Take a look at this chart from Wikipedia:
That goes from 1910 to 2014 — a decent swath of U.S. history in which two World Wars happened, as well as Vietnam, the assassination of JFK, and a whole bunch of other stuff. (Oh, most of the U.S. infrastructure was built during the same time.)
In that span, only three times — just three — did a sitting President’s party gain House seats in a midterm:
- 2002: You can potentially chock this up to American fervor with 9/11 being less than a year before.
- 1998: This should have been a better play for the Republicans, because Clinton was coming off the Lewinsky scandal. Instead, they flopped and Newt Gingrich eventually had to walk out the door.
- 1934: This is a long time ago, obviously, but the essential thing that happened here was a positive referendum on the New Deal (people wanted to see it through).

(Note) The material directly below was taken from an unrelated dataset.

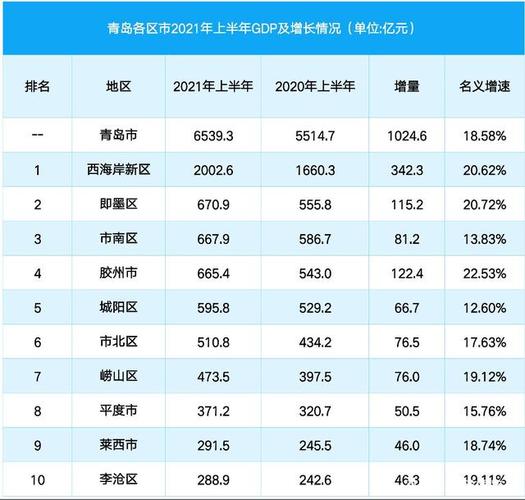 2021年青岛供冷天数?青岛11月份温度大概多少-图2 2021年青岛供冷天数?青岛11月份温度大概多少-图2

3 times out of 26 possible midterm elections — 11.5 percent — has the President’s party gained any House seats.
Now let’s look at Senate. The picture is a bit different here, because (especially in the modern age) it takes more money to run/win Senate races.
Still, in the Senate, it’s only been 5 times in 26 midterms since 1910 that the sitting Presidential party has gained in the upper chamber. 2002 is on this list too — America! America! — but 1970, which makes the Senate R+1 list, was the last time a third-party candidate won a Senate election (that skews things when you’re talking +1).
The highest midterm turnout since 1948 was 1966, when close to 1/2 of all people voted. Meanwhile, the lowest Presidential year turnout was 1948 itself, when a little over 1/2 of all people voted.
The last three Presidential elections have averaged a bit over 60 percent of the U.S. eligible voting population, while the last three midterms have averaged about 41 percent — 20 percent lower.
Because of 24/7 cable news, there will always be breathless analysis of midterm races and what they mean. No doubt. But here’s what they really mean: about 1/5th less people actually show up to vote, and there’s almost no chance (1 in 10, maybe) that the sitting President’s party will do anything. And, lest ye forget, Presidential elections are about the Electoral College, which is a whole different ballgame anyway.
Analyze tonight all you want, but … it’s essentially fairly easy to predict and ultimately meaningless. If the Democrats get train-tracked tonight, does that mean Hilary or Candidate X has no shot? Not at all.